(Beginning of INPUT DATA)
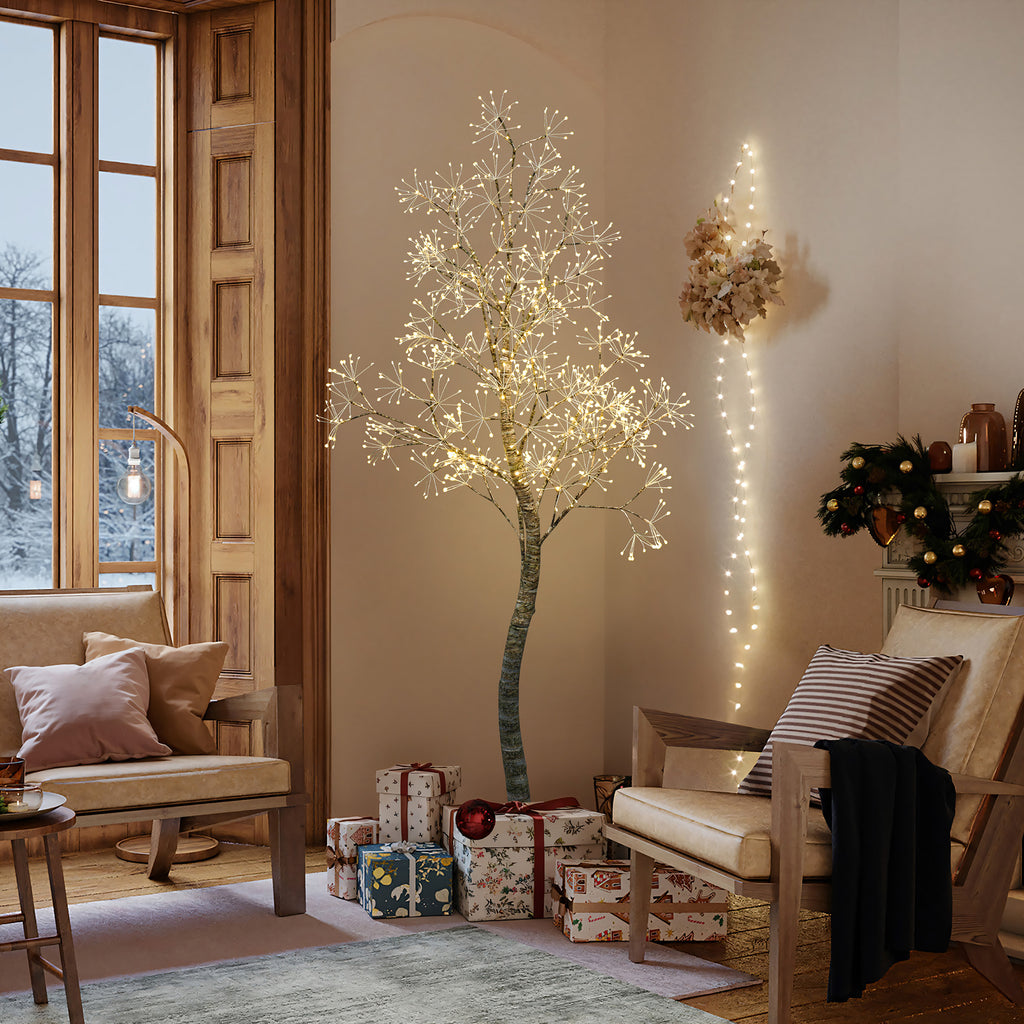 5.9 Pre-Lit Birch Artificial Tree with Realistic Faux Tree Trunk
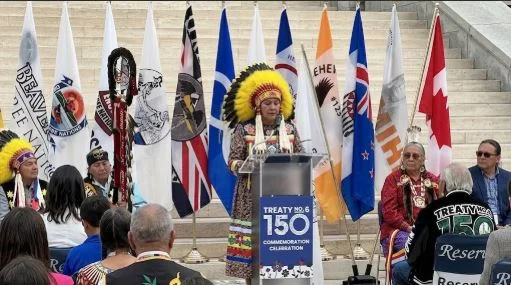 Indigenous leaders attend the Treaty 6 150th anniversary ceremony in Edmonton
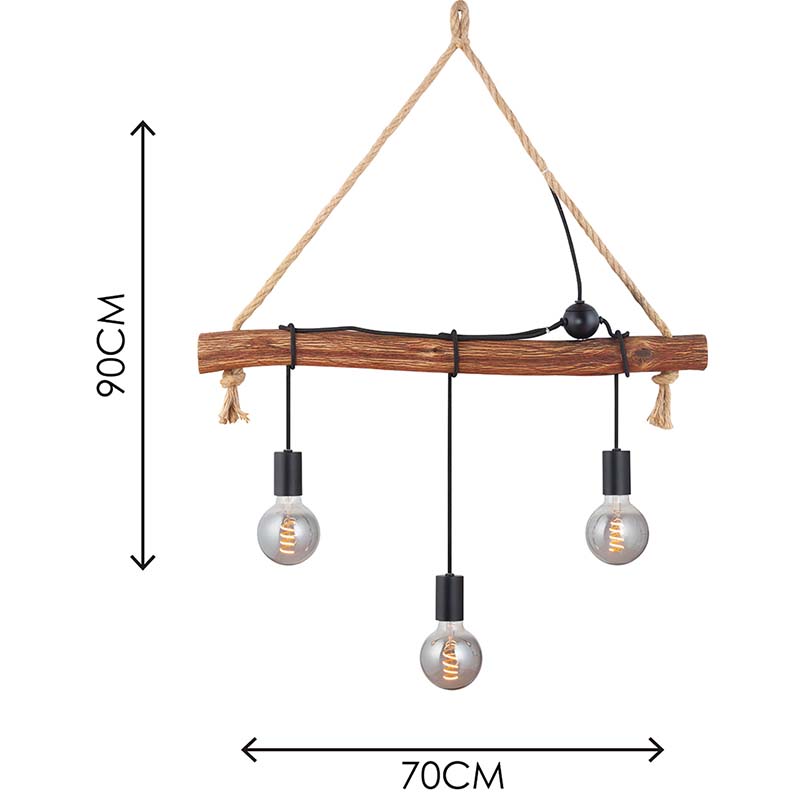 Lustre criativo simples retrô decorativo ajustável natureza madeira pingente de luz 3 lys E27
(End of INPUT DATA)
TASK ITEM >>
Keep the pictures out of your answer, which should be the lines from the one with "Indigenous leaders attend" through the final line of the data, copied exactly.

COMPLETED EXERCISE >>
 Indigenous leaders attend the Treaty 6 150th anniversary ceremony in Edmonton
 Lustre criativo simples retrô decorativo ajustável natureza madeira pingente de luz 3 lys E27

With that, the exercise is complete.